Advadnoun

April 5th, 2024

Zahir: Generative Recommenders for Unprompted, Scalable Exploration

To have one’s mind devoured by coins, that is a terrible fate

Jorge Luis Borges

tl;dr

Many existing systems for generating media condition on textual descriptions to specify styles and semantics that are of interest to users.

What does generation look like when we leverage recommendation methods to attempt to synthesize media with styles and scenes that users may be interested in based only on their & their peers’ interactions with that media?

Further, what are the implications of this mix between personalization, preference learning, generation, and recommendation – and how might it be used within an art practice?

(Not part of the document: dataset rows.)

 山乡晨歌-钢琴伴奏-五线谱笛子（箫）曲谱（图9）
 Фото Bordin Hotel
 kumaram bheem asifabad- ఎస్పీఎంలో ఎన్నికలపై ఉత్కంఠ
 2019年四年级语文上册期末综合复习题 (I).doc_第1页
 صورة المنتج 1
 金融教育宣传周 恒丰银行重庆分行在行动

An image generated using iterative feedback without collaboration

Some Background

There is a rich precedent of unconditional image generation as a medium for art that predates text-to-image systems as we know them by several years.
Helena Sarin & Mario Klingemann are two of my favorite exemplars here, though they also have and did utilize conditional methods as well.

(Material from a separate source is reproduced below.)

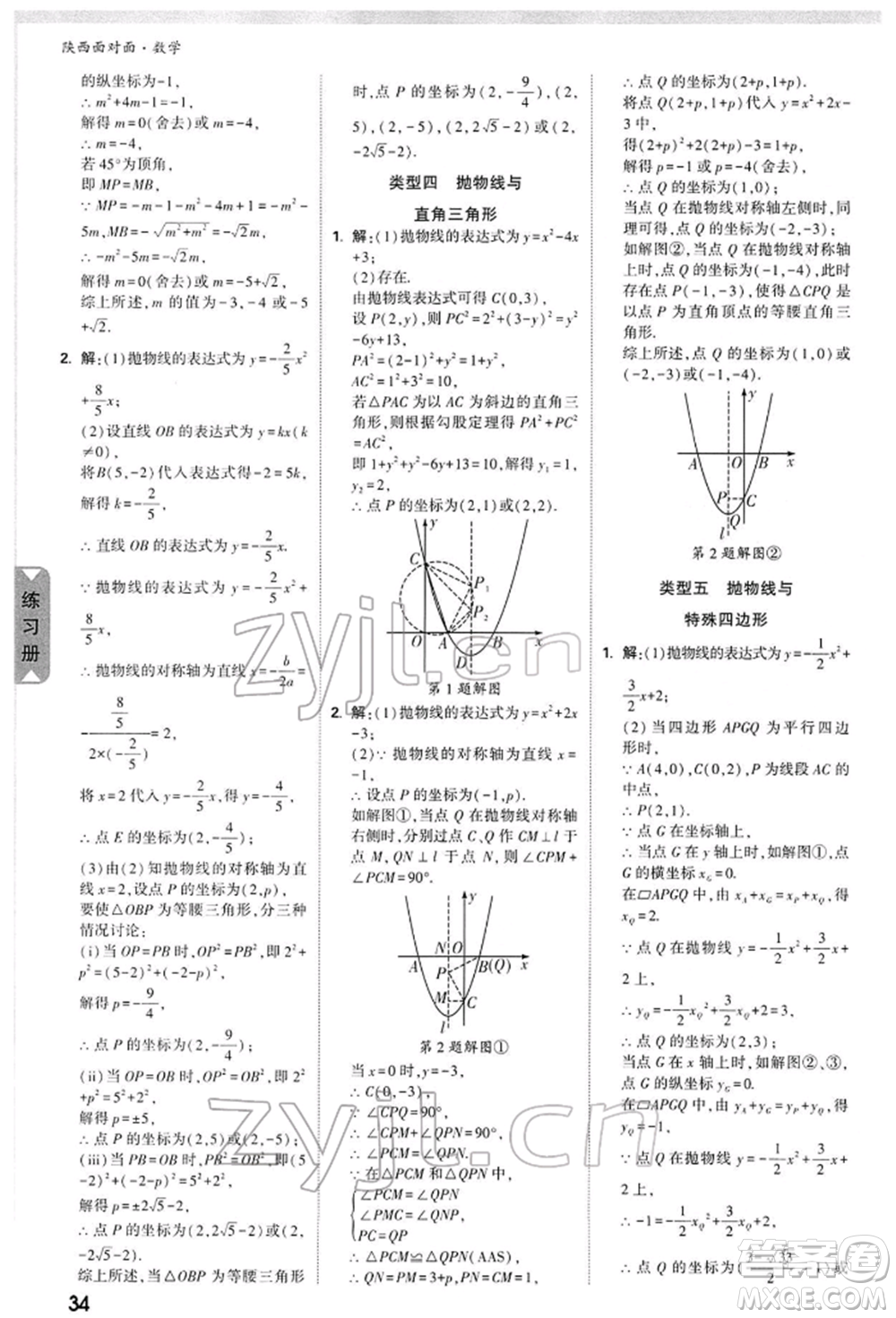 陜西科學(xué)技術(shù)出版社2022中考面對(duì)面九年級(jí)數(shù)學(xué)通用版陜西專版參考答案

While the methods proposed here are not unconditional, I see them as a movement away from explicit prompting and a return to artist-as-curator or explorer, and the conditioning/prompting are subtle enough to be seen as spiritually similar to unconditional methods, in my opinion.

This return to un-prompted generation is elicited in part by dissatisfaction with existing methods’ grand-average default aesthetics and by my (over)use of TikTok.

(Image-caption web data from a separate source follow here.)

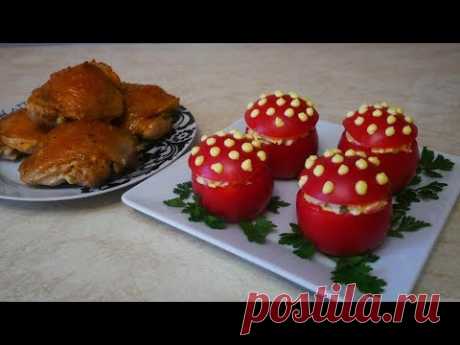БЫСТРО и ВКУСНО на УЖИН запеченные куриные бедра в КЕФИРЕ и фаршированные помидоры на гарнир
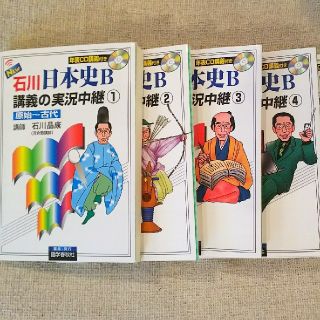 石川日本史B講義の実況中継①〜④(語学/参考書)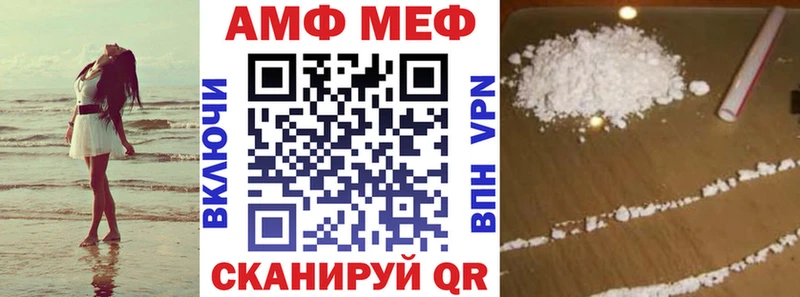 АМФ Premium  Купить  Моздок 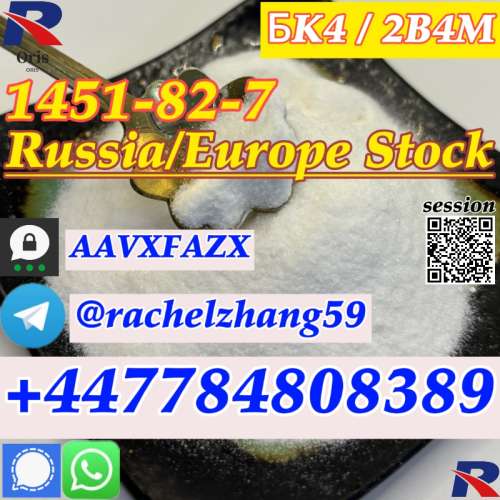 Russia Oil 2b4m in stock14514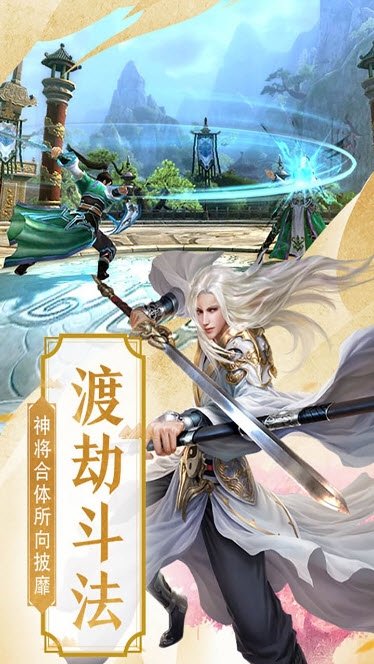 太阴封妖录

While previous work on personalizing models based on collaborative filtering exists (e.g.
https://ieeexplore.ieee.org/abstract/document/5995439) and shows that personalized aesthetics can improve upon using only averages, and while previous work exists for personalizing models using iterative feedback within the space of inputs (https://arxiv.org/abs/2402.06389) or leverages optimization approaches with recommenders for visualizing user embeddings (https://arxiv.org/abs/1711.02231), the approach described here could allow for fast, scalable systems capable of working similarly to existing social media ecosystems with purely generated media.

Collaborative Filtering for Generative Recommendation

Collaborative filtering learns user embeddings and item embeddings based on a matrix of interactions between each user and some set of items.

Users’ embeddings should be aligned with items that they showed preference for, which we can enforce using weighted alternating least squares (WALS)
https://developers.google.com/machine-learning/recommendation/collaborative/matrix

Using a dataset of images and users in which different users have provided ratings for the same set of items, we can create user embeddings that simultaneously capture information about groups’ preferences while also inheriting alignment with CLIP latents.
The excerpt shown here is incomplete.